» **PROVIDED MATERIAL**
* * * * * * *

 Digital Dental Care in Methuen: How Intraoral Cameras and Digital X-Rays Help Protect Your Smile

* * * * * * *

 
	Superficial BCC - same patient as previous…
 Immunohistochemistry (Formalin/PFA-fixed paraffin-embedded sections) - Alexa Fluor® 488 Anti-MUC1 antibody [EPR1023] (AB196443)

* * * * * * *

» **DIRECTIONS FOR THIS TASK**
Extract from the records above the lines from the one containing "Superficial BCC - same patient as previous…" to the one containing "Immunohistochemistry (Formalin/PFA-fixed paraffin-embedded", both lines included, exactly as they appear and with nothing else.

» **ANSWER TO THE EXERCISE**
	Superficial BCC - same patient as previous…
 Immunohistochemistry (Formalin/PFA-fixed paraffin-embedded sections) - Alexa Fluor® 488 Anti-MUC1 antibody [EPR1023] (AB196443)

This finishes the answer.